*Exercise directions*
Every line below is to be given again precisely; images are to be left out.

(Items listed in a dataset)
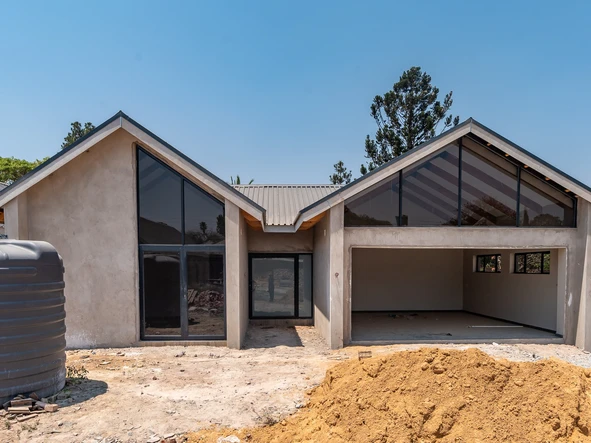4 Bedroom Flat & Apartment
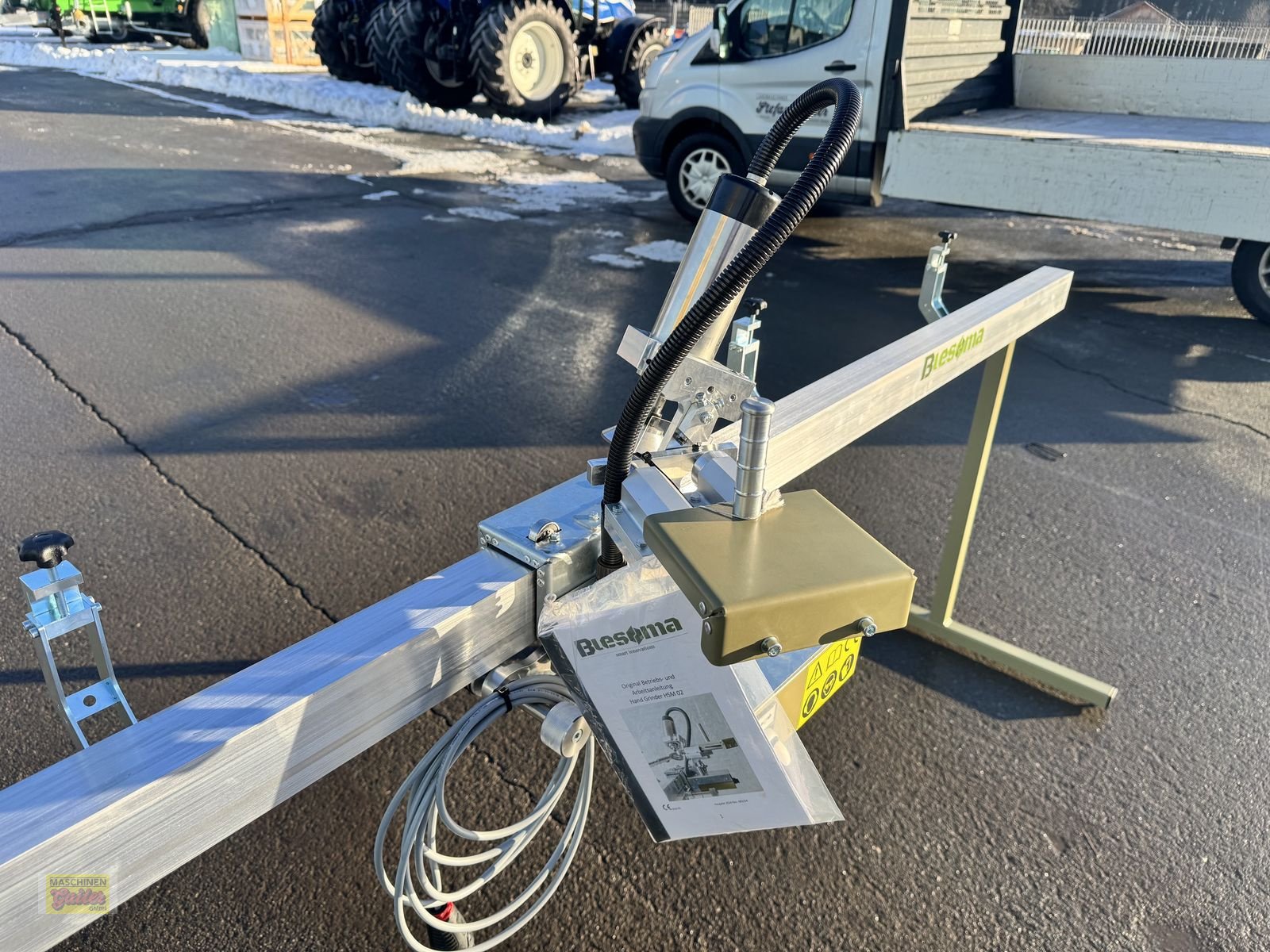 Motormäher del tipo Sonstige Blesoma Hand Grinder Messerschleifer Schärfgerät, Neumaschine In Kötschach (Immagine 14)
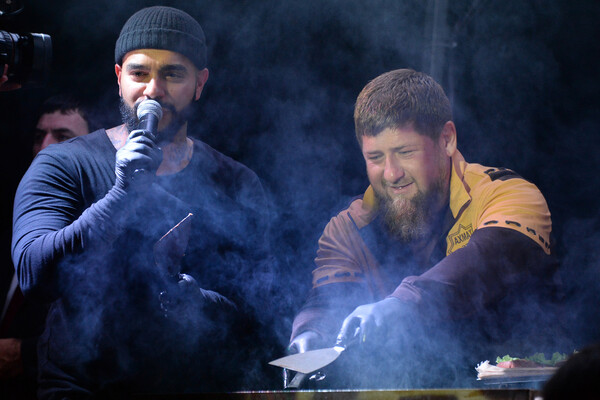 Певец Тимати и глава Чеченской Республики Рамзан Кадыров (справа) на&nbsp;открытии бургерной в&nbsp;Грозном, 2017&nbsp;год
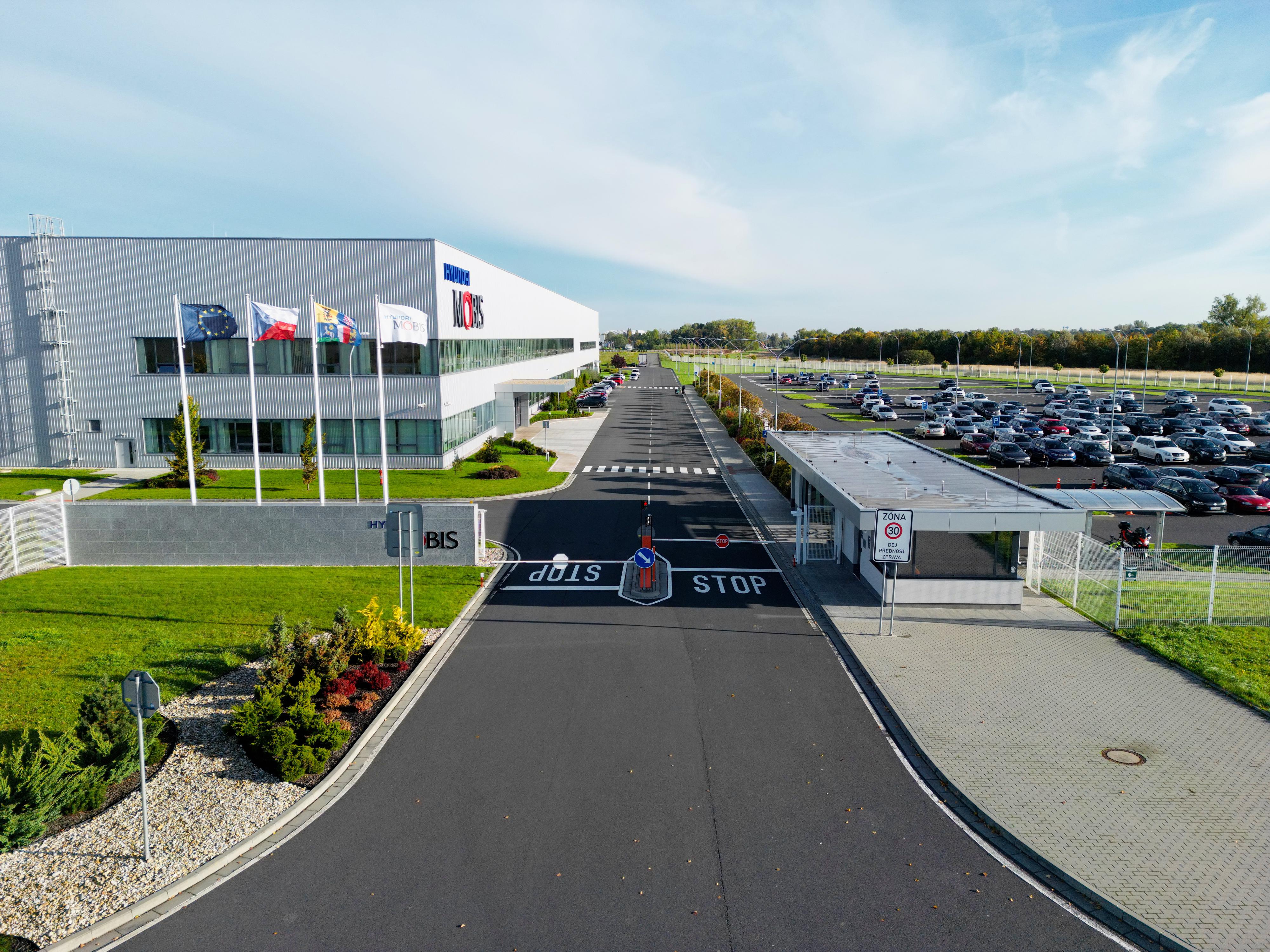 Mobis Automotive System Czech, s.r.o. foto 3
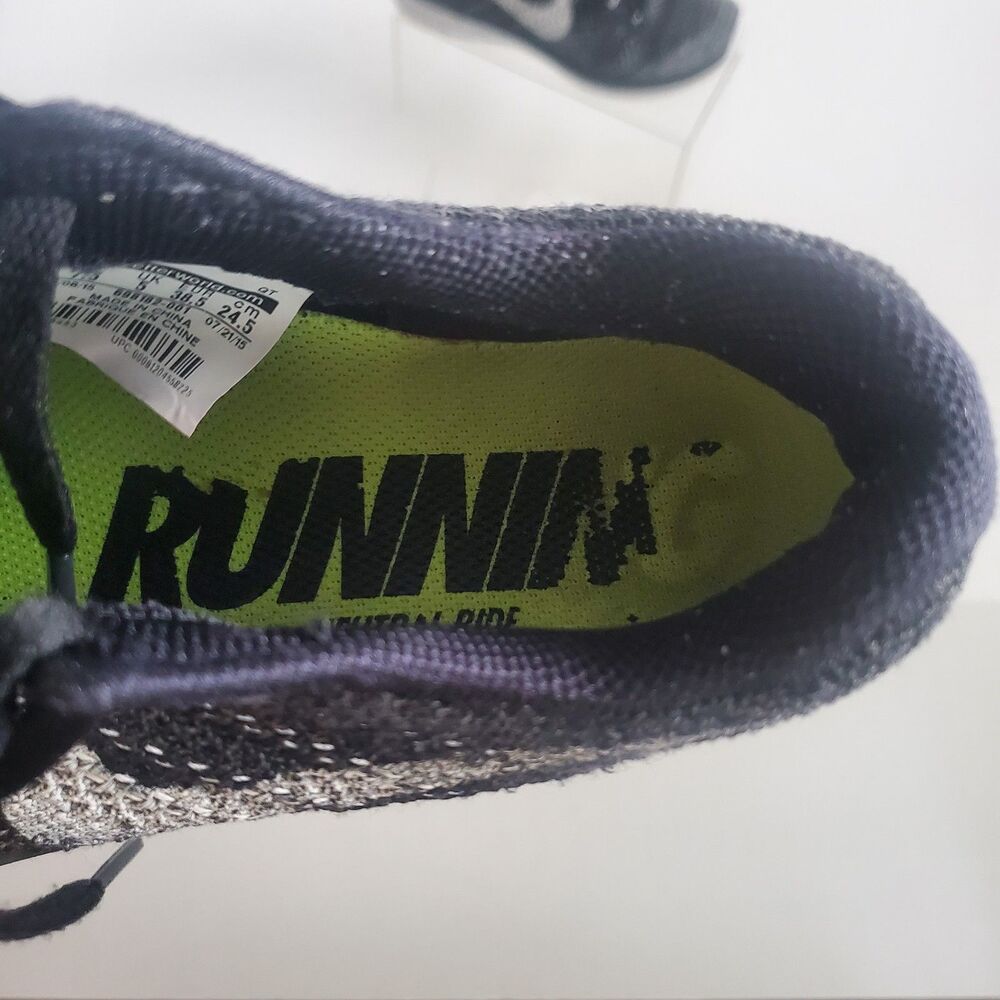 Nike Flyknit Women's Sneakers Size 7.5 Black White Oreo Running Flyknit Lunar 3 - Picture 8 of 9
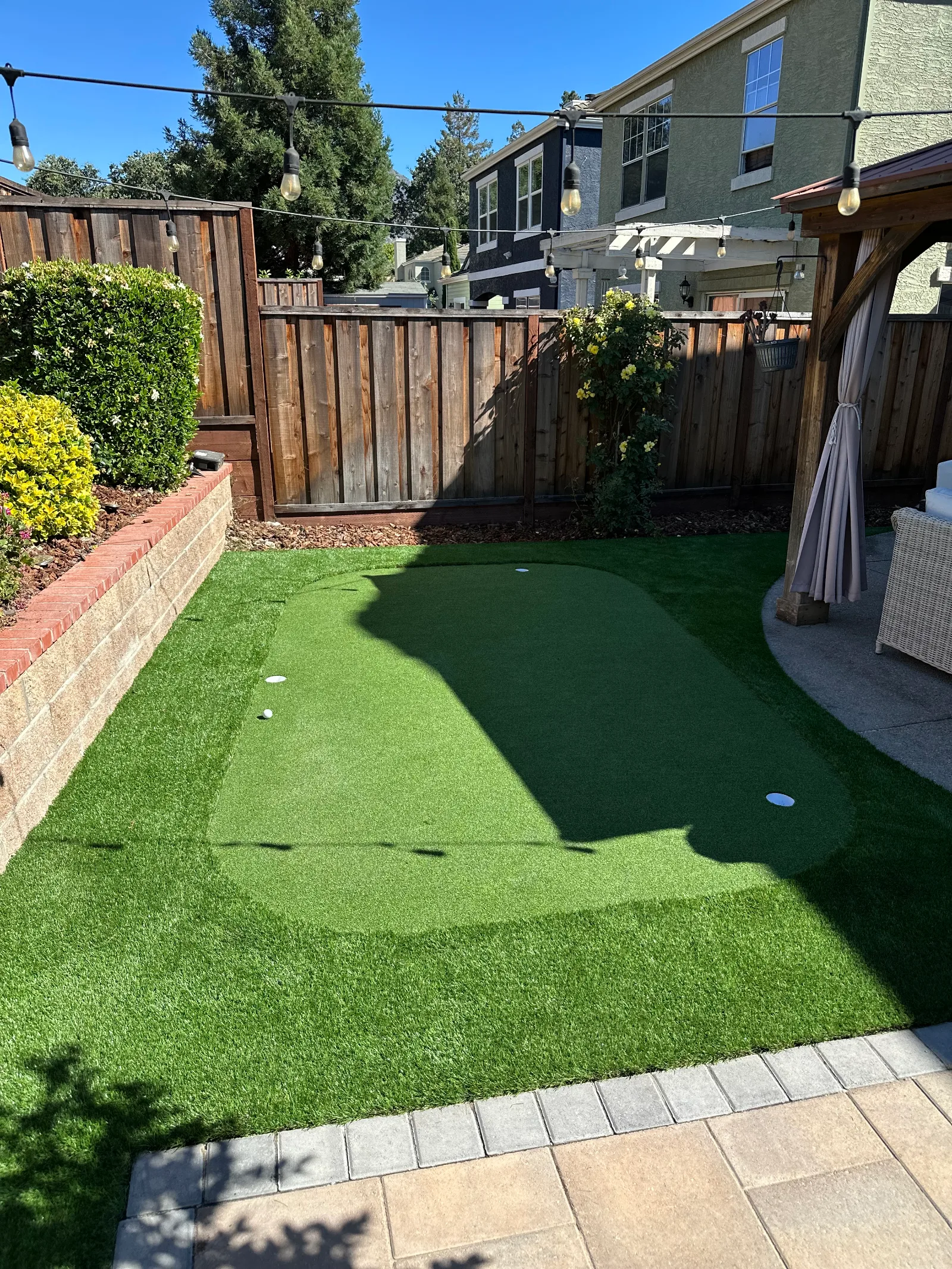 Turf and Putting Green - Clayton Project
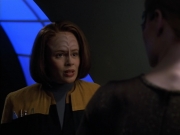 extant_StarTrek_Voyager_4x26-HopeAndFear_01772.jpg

*Exercise answer*
4 Bedroom Flat & Apartment
 Motormäher del tipo Sonstige Blesoma Hand Grinder Messerschleifer Schärfgerät, Neumaschine In Kötschach (Immagine 14)
 Певец Тимати и глава Чеченской Республики Рамзан Кадыров (справа) на&nbsp;открытии бургерной в&nbsp;Грозном, 2017&nbsp;год
 Mobis Automotive System Czech, s.r.o. foto 3
 Nike Flyknit Women's Sneakers Size 7.5 Black White Oreo Running Flyknit Lunar 3 - Picture 8 of 9
 Turf and Putting Green - Clayton Project
 extant_StarTrek_Voyager_4x26-HopeAndFear_01772.jpg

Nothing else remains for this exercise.